Data listing:
::::::::::

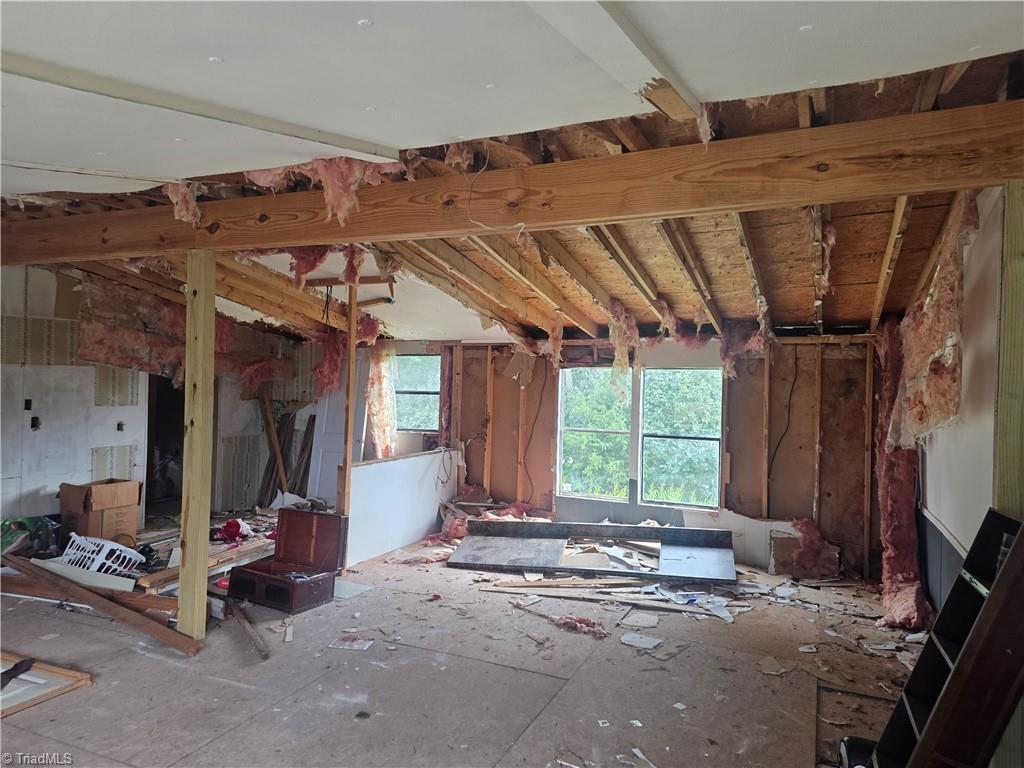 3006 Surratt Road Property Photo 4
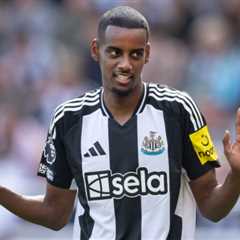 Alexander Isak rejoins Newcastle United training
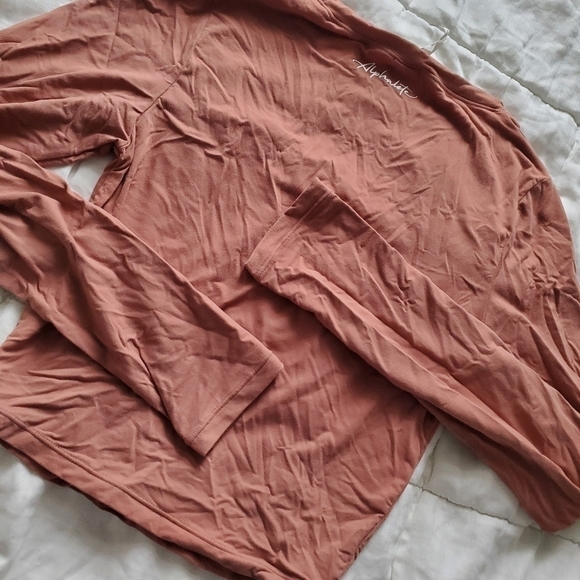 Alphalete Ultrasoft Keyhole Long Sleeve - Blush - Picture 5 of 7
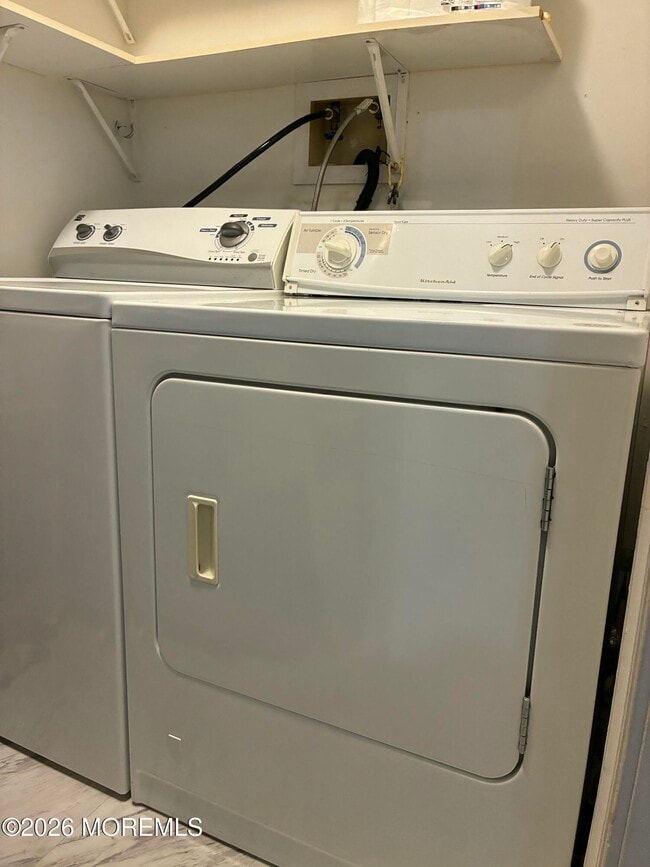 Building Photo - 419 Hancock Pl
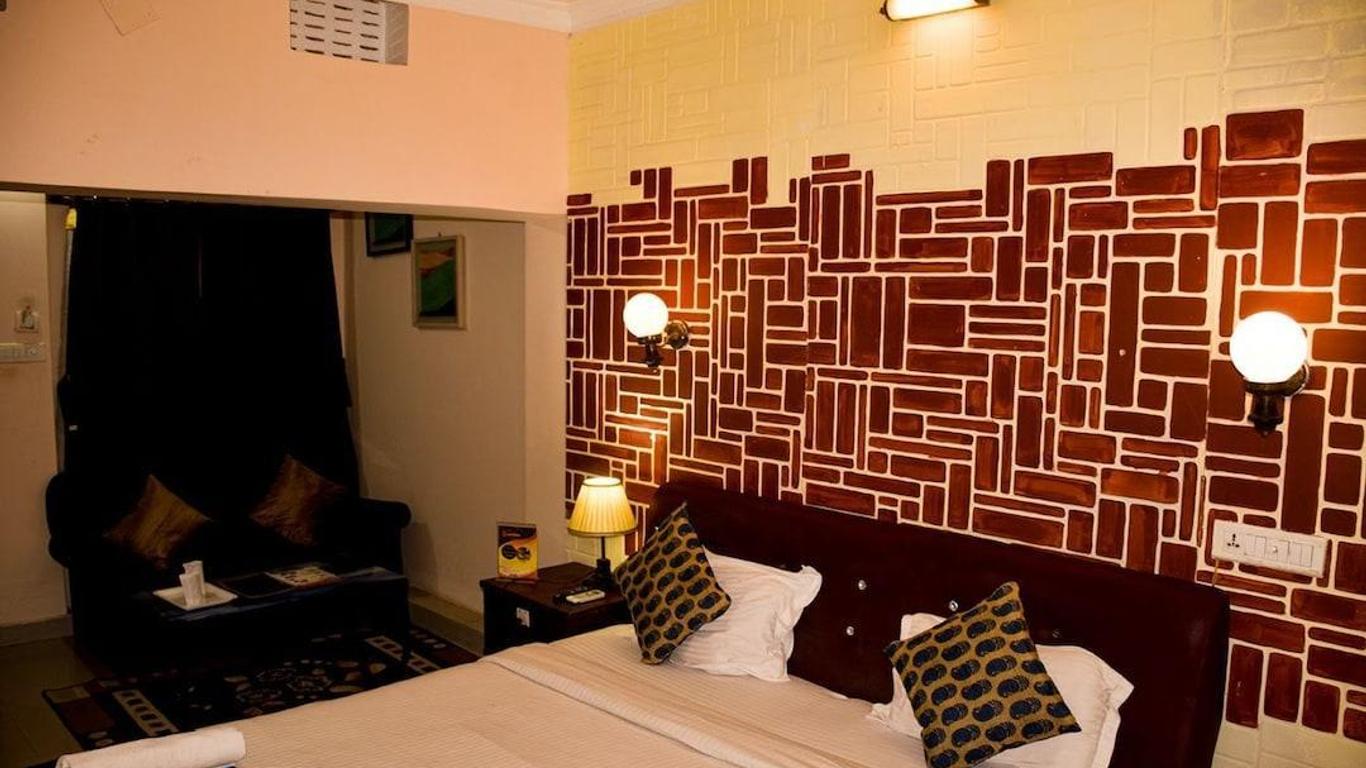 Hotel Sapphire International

::::::::::

What the task asks:
These lines alone form the answer: the one containing "Alphalete Ultrasoft Keyhole" and every line after it through the end of the material, exactly as written, pictures left out.

Your solution:
 Alphalete Ultrasoft Keyhole Long Sleeve - Blush - Picture 5 of 7
 Building Photo - 419 Hancock Pl
 Hotel Sapphire International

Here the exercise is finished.